U.S. fund managers made no significant tweaks to their model global portfolio in October compared to the previous month, a Reuters poll found, as market volatility caused by concerns about a slowing global economy appeared to be temporary.
Global equity allocations held at 51.3 % of the model portfolio, the first time it wasn't downgraded in five months. Within that, fund managers increased recommended North American stock holdings slightly to 69.1 % from 68.8 %.
They also boosted euro zone and UK recommendations but trimmed Japan, Latin America and emerging Europe.

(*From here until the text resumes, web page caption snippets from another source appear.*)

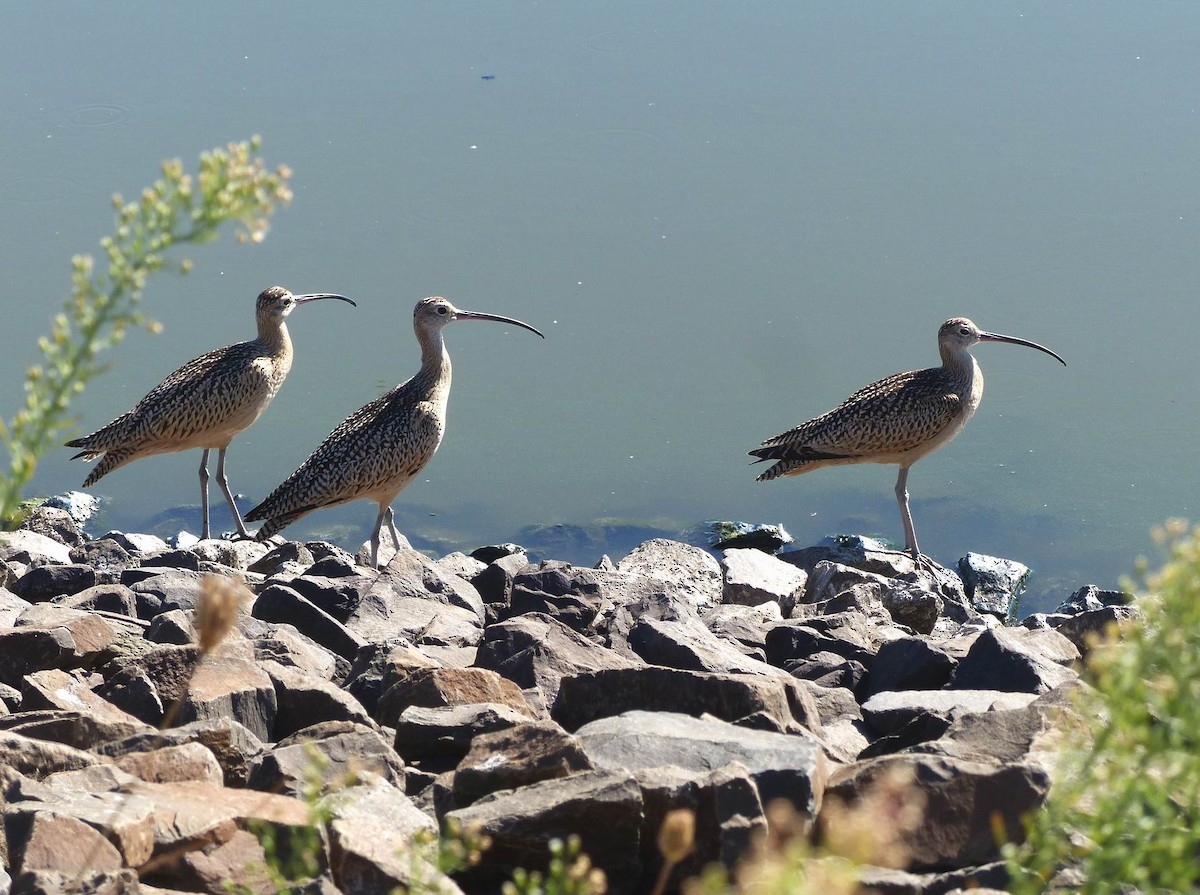 Long-billed Curlew - ML67055571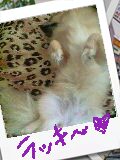 �V���Q�R��Thu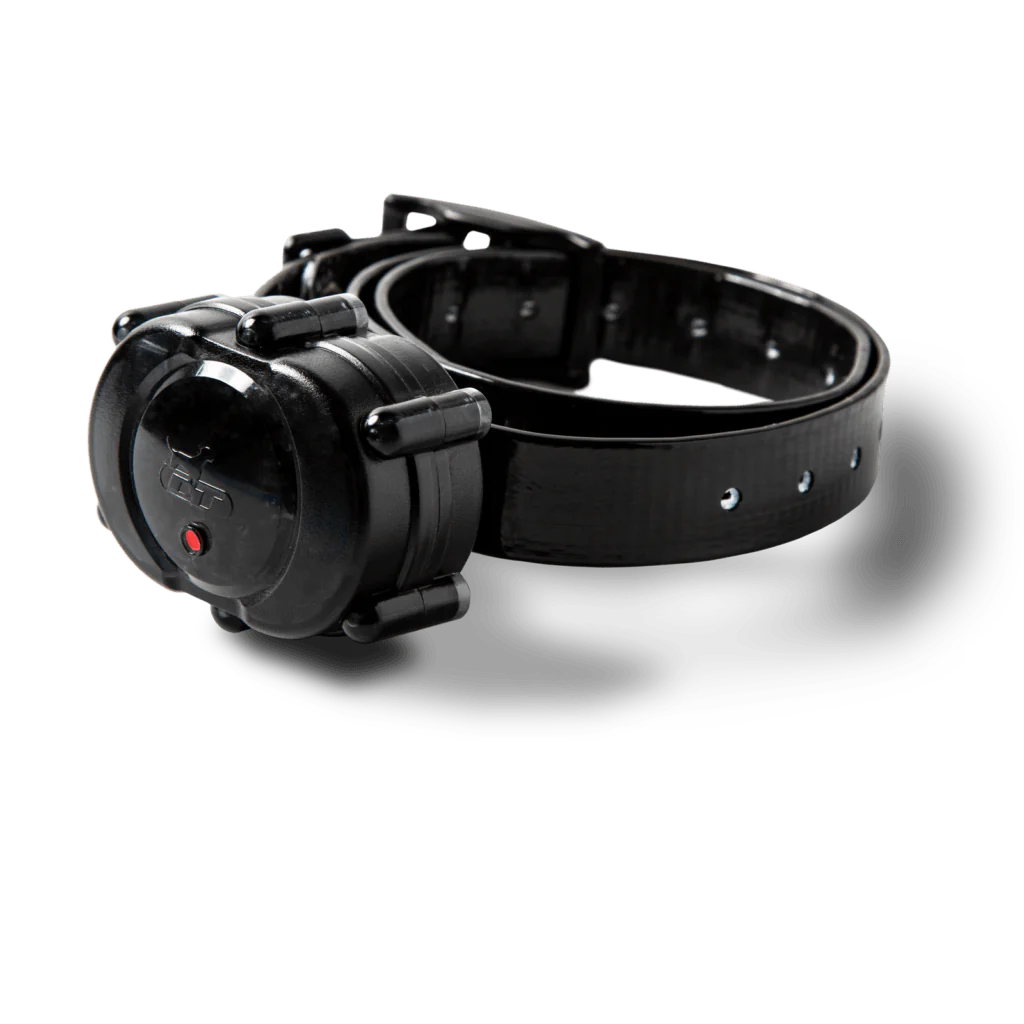 Mircro-iDT Plus Add-On Collar - Buy Pet Shop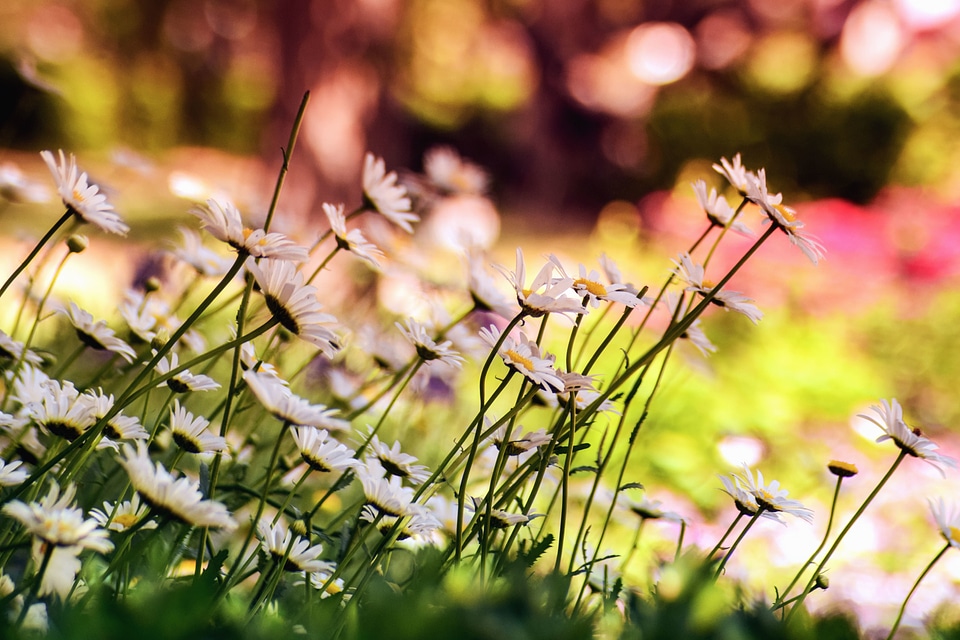 Beautiful beautiful photo bloom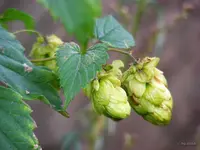 _Hopfen.webp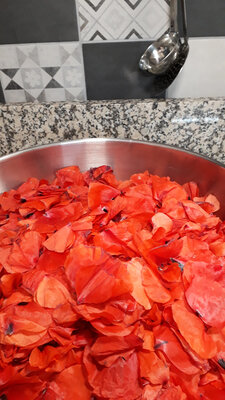 Coulis de coquelicot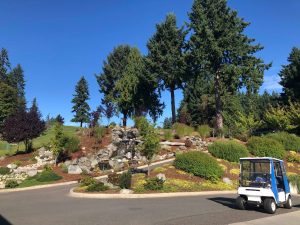 waterfall and golf cart at Olympia Country and Golf Club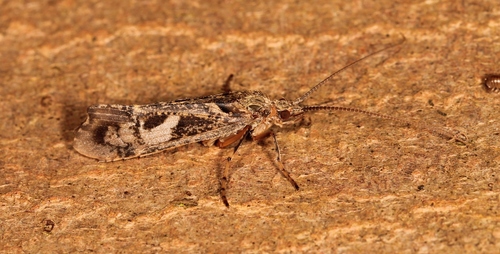 Mottled Sedge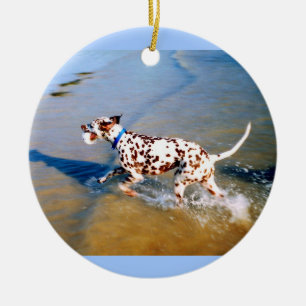 Spot the dog ceramic ornament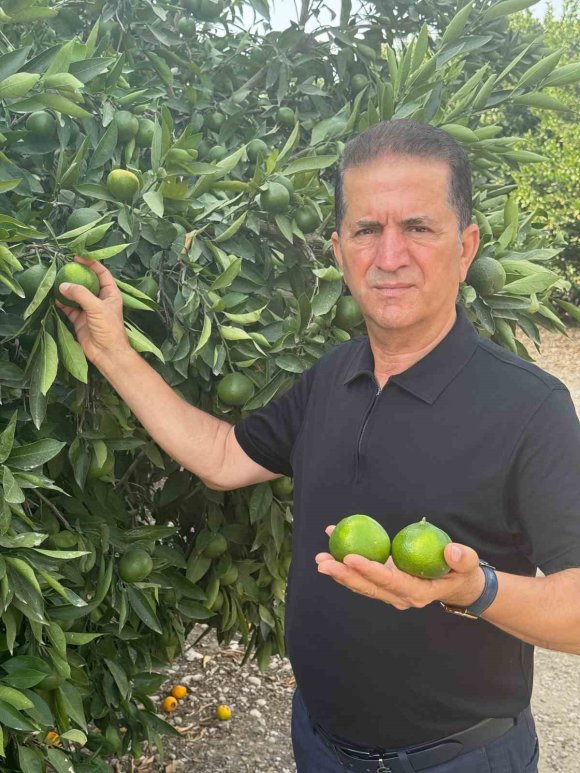 DOĞAN "TURUNÇGİL KESİM VE İHRAÇ TARİHLERİNDE SAHADAKİ GERÇEK ÜRETİM ŞARTLARI DİKKATE ALINMALIDIR’’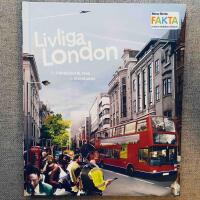 Livliga London : en h&auml;ndelserik resa till storstaden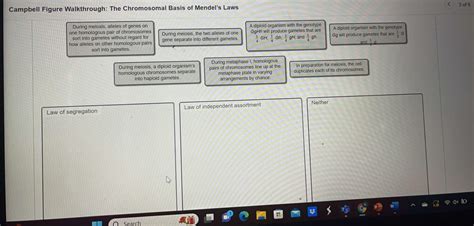 Campbell Figure Walkthrough Two Important Checkpoints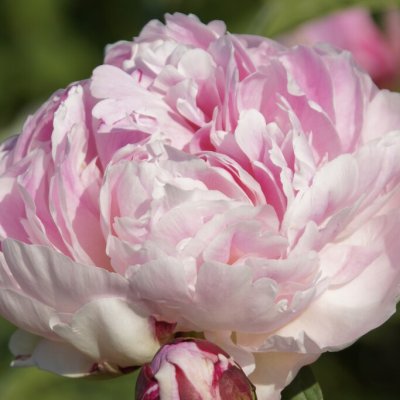 Paeonia lactiflora Madame Jules Dessert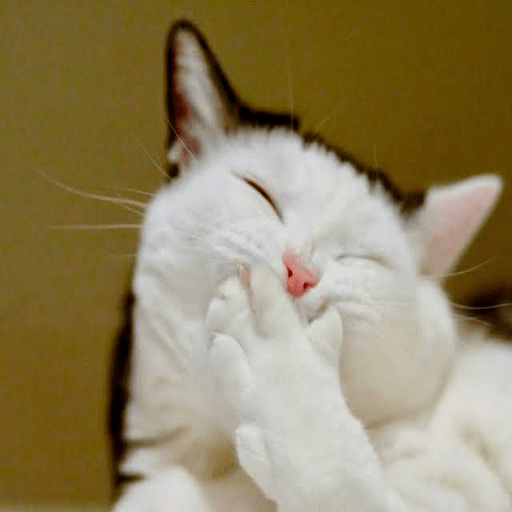 📲🐱Gatitos Para Tu Chat🐱📲 1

But as the U.S. economy prepares for an impending interest rate hike, wealth managers cut recommended bond allocations slightly to 37.6 % in October from 37.8 %, the first month that debt holdings didn't rise since May.
Within the fixed-income portfolio, fund managers cut North American bond allocation recommendations to 72.1 % in October, the lowest in six months.
"We felt the market volatility was transitory in September, therefore we weren't reallocating toward bonds to protect from further market downside," said Jeff Layman, chief investment officer at BKD Wealth Advisors.
"So far in October, this view has been validated, with global equity markets posting returns greater than 7 % month-to-date."
On Wednesday, Federal Reserve Chair Janet Yellen indicated a December interest rate hike was still on the table, highlighting encouraging growth rates in business investment and consumer spending, as well as the recovery in the labor market.
Financial markets are now pricing in a 43 % chance of policy tightening in December, compared to 34 % earlier, although a solid majority of economists in a separate Reuters poll predict the Fed will act then.
Both the dollar and bond yields soared soon after the Fed's statement, and U.S. stocks, which fell initially, rallied and closed higher. The Dow Jones and the S&P 500 gained around 9 % in October, as companies reported quarterly earnings.
Asset managers left their recommendations for cash and property holdings steady in October, at 3.9 % and 1.3 % respectively. Average allocations to alternate investments edged up to 5.8 % from 5.7 %.